Le récent Dunkerque aura eu le mérite de réactiver la mémoire de ce film français qui aborde exactement le même sujet, à savoir le reflux britannique sur le sol français suite à l’offensive ratée de 1940. Fond similaire, forme radicalement différente. Ici, c’est la destinée d’un soldat, à une échelle humaine et individuelle, qui sera suivie, dans un périple chaotique. La tonalité est dans un premier lieu assez acide, la gouaille de Belmondo faisant mouche pour constater les dégâts avec un certain humour noir. Son week-end est avant tout une galerie de rencontres, qui commence sur un terrain officiel, celui de l’armée par des échanges avec des frères d’armes, la hiérarchie ou un aumônier qui disent tous à leur manière l’absurde la situation. Pris en tenaille entre une terre aux mains de l’ennemi, les bombardements réguliers et la mer avare en embarcations pour la liberté, les soldats sont de toutes parts contraints à accuser le coup de la déroute.
L’intelligence du récit – et sa grande noirceur – provient surtout de la cartographie inerte qu’il dessine : celle d’un piège dans lequel on tourne avant tout en rond.
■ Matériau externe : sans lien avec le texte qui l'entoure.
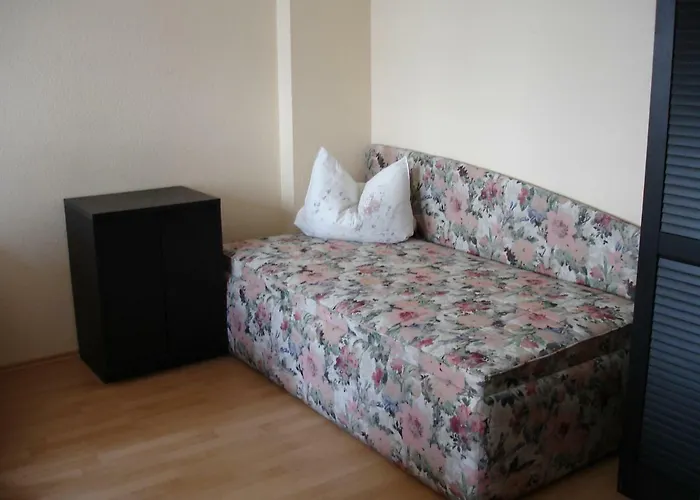 Ferienwohnung Schob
Avoir humanisé son protagoniste permet de donner chair à la camaraderie entre soldats, et, partant, de charger en émotion leur disparition, mais aussi de dénoncer avec force l’absurdité d’une telle situation. La première séquence où une charrette portant le cadavre d’une femme tirée par un soldat croise la jeep d’un haut gradé résume parfaitement cette obscénité du protocole face au désastre du réel.
Belmondo porte ainsi son solaire instinct de survie sur un champ de ruine, faisant le pari de rester vivant, croisant sur sa route un panorama exhaustif des rôles que la guerre impose : ceux qui décident, ceux qui profitent (une charge violente et courageuse est portée contre les soldats français tentant de violer une civile), ceux qui subissent. La rencontre avec une jeune femme résolue à rester dans sa maison à l’épreuve des bombardements devient une sorte d’allégorie du sort des civils, et enclenche une relation complexe. On pense un peu à l’ambivalence qu’on retrouvera dans le très réussi Lacombe Lucien de Louis Malle, les personnages ne bénéficiant jamais de facilités d’écriture héroïque pour gommer leur humanité.
C’est là le cœur même de ce singulier film de guerre : laisser sa puissance à un contexte aussi mutique que dévastateur, refuser la performance pour faire surgir, dans la perte, ce qui fait le propre de l’homme. L’humour et la causticité du début teintent ainsi d’une charge profondément touchante la tragédie finale, dans laquelle les personnes font bien plus vibrer que les bombes.